This fear of the unknown explains why potential property buyers are holding back, even though most of them either have no need of housing finance or are relatively immune from rate hikes. 

The chart shows that thirty per cent of homeowners have no remaining housing debt, and have no need of housing finance when they buy another home. 


Another thirty per cent are investors who claim the cost of housing finance interest and can also raise asking rents to recoup the cost of interest rate rises.  

Twenty per cent are upgraders who purchased their homes many years ago when rates were much higher than they are now and for whom a rise in interest rates is quite manageable.  

The remaining ten percent are first home buyers who need to borrow most of the price of a property. In theory, this segment of the buyer market is the only one that is directly hammered when interest rates rise, because higher rates reduce their buying power.  

Why buyer demand has slowed down 

Yet buyer demand has fallen in every market and from all types of buyers, because we become scared about what might happen to prices generally. Fear is one of our strongest survival instincts and facing the unknown is one of our biggest fears. This is why potential buyers are holding back, waiting to see if more rate rises are coming, leading to a property market crash. Even though the experts assure us that all is well, our instincts take over, urging us to wait until the dust settles.  

The best way to analyse this phenomenon and the possible outcomes is to look back to the last time that interest rates took a significant upwards hike, which was in 2009-10. (Shown with the red arrow in the graph.) This is because some bank economists are forecasting that a similar rate hike is likely to occur again and that savage falls in property prices will occur as a result.  

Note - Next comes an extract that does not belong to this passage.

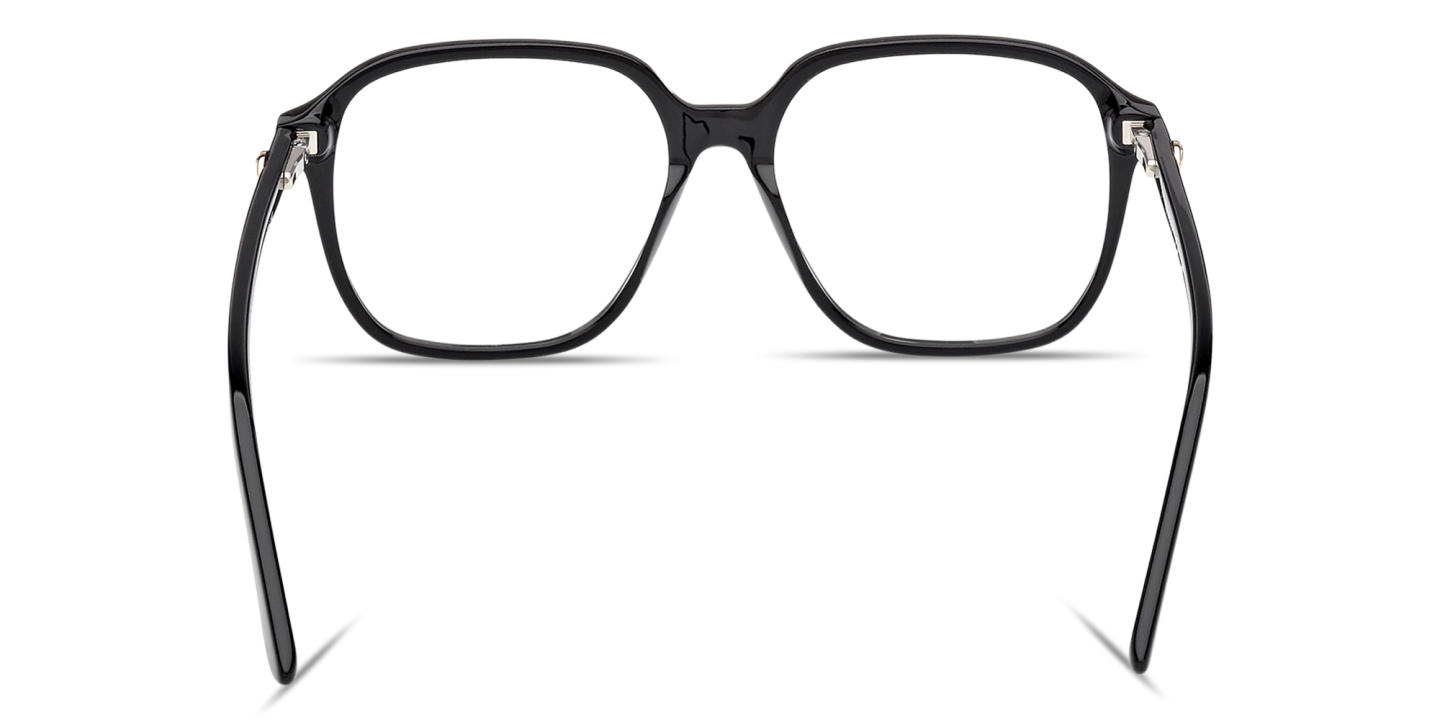Shop Guess G Square Eyeglasses in Black online.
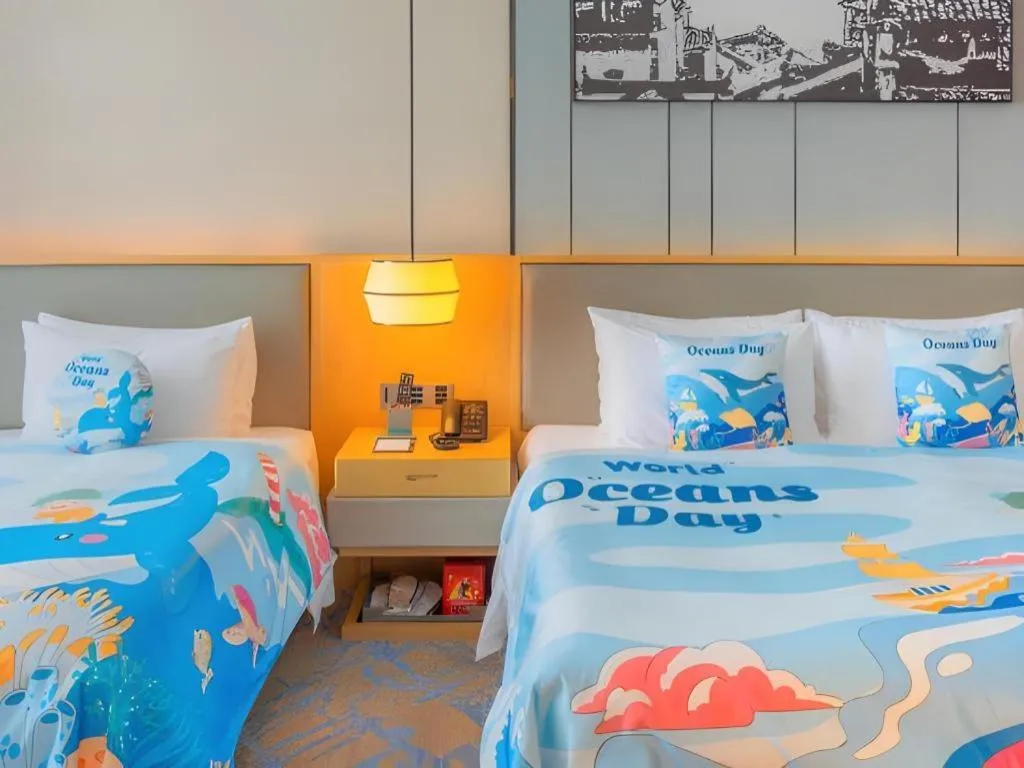 Bed in Zhuhai Tangyi Hotel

The rate rise in 2009-10 was the biggest in modern history, but the graph shows that it took the RBA more than a year to implement. 

We then had a series of interest rate reductions over the next eight years until the home loan rate was lower than it had been before. 

There were no crashes the last time rates rose significantly 

What happened to property prices as a result is shown in the graph below. Buyer demand slowed, but while prices fell slightly in cities such as Brisbane and Perth over the next few years, there were no price crashes, and prices kept rising in Sydney and Melbourne although growth was more subdued. 


The reason that rate rises don’t lead to property market crashes is that only a small percentage of homeowners are directly impacted, and even fewer are forced to sell because they can’t manage their repayments. The majority simply wait until some certainty returns.  

Confidence gradually returned to the property market as interest rates started falling from 2011 onwards and this is exactly what is likely to happen again. In other words, once rates stop rising and it’s obvious that the market is not going to crash, buyer and seller demand will pick up again.